O meu sogro, que vinha de raízes operárias, e em menino lia o jornal para o avô, que lho pedia, pois era analfabeto, obteve o diploma da 4.ª classe, ensino quase superior na empobrecida sociedade portuguesa dos seus dias de infância e juventude, e teve nas bibliotecas populares itinerantes que existiam na altura, a contracorrente da cultura de submissão que então se pregava, o néctar de que abundantemente se alimentou. Talvez não se vestindo tão a rigor como Maquiavel - como reza a estória do seu encontro diário com as mentes sábias do mundo do pensamento, durante o seu período de exílio -, o meu sogro leu tudo o que lhe era servido, onde predominavam os autores portugueses, como Redol e Aquilino, e os franceses, Balzac e, especialmente, Zola, que tão bem descreveu o mundo real do seu tempo, pintando a cores de cinzento e negro a vida do proletariado com que ele, naturalmente, se identificava.

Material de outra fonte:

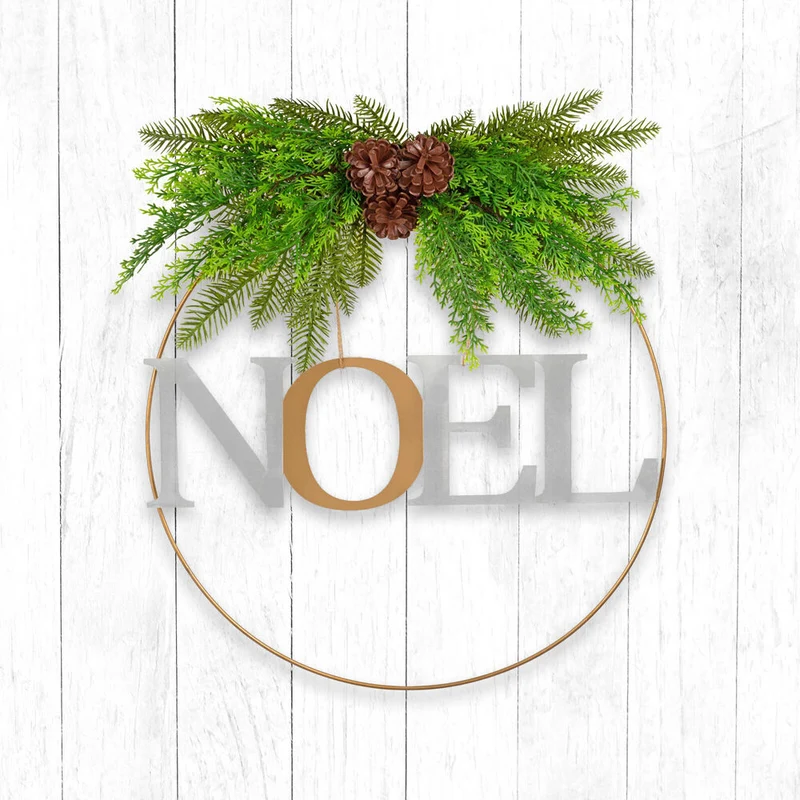 Santa's Helper Noel Christmas Wreath Wall Hanging Holiday Decoration 50cm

Ajudando o pai, mestre-de-obras, o meu sogro chegou à idade militar e teve a sorte de ir para uma unidade onde tirou o curso de mecânico, passaporte para um futuro diferente do dos seus. Terminado o período militar, veio para Angola, e foi mecânico nas oficinas da Renault (Alfredo Matos) e VW-Mercedes (Guérin), o que lhe permitiu mandar vir a esposa - casada por procuração -, conceber a minha futura amada e comprar uma Vespa. Entretanto, o seu interesse virou-se para a electrónica. Espírito vivo e curioso, continuou com a sua obsessão de leitura - a sua biblioteca tinha mais de 5000 volumes quando morreu -, tirou um curso de electrónica por correspondência, e montou uma oficina de reparação de equipamentos em casa - com a minha sogra a ajudá-lo, fazendo-lhe companhia e passando as ferramentas -, montava auto-rádios, e ainda trabalhava como projeccionista nas salas de cinema da capital, Miramar e Avis. Homem de uma cultura renascentista, por tudo se interessava.

Conta a sua filha que, logo depois da independência, num passeio com a família, quando passavam perto de um dos bairros periféricos da nossa cidade, disse-lhes confiante: dentro de 10 anos nada disto existirá! Desfez-se do seu próspero comércio e empregou-se no Estado, onde chegou a ser um impoluto director da ABAMAT, empresa responsável pela importação de peças para o parque automóvel estatal.

O meu sogro morreu desiludido, porque o filme que ele imaginou para o futuro do país não se concretizou. Acabou por recuar nalgumas das suas decisões. Deixou o Estado e foi trabalhar para uma das empresas de construção portuguesas, e acabou mesmo por fazer renascer a sua antiga empresa e recuperar a nacionalidade portuguesa a que tinha renunciado.

Homem de princípios com as incoerências que todos os homens têm. Defendendo a emancipação feminina, chocou-me quando proibiu a filha, já universitária, de ir comigo um fim-de-semana ao Mussulo, enquanto namorávamos. Confrontei-o: mas então, Sr. Roque, e a emancipação? Respondeu-me: ah, isso é para as filhas dos outros. A minha segue as minhas regras enquanto viver sob o meu tecto!
Construiu uma família bem formada, preocupando-se com a igualdade e a justiça.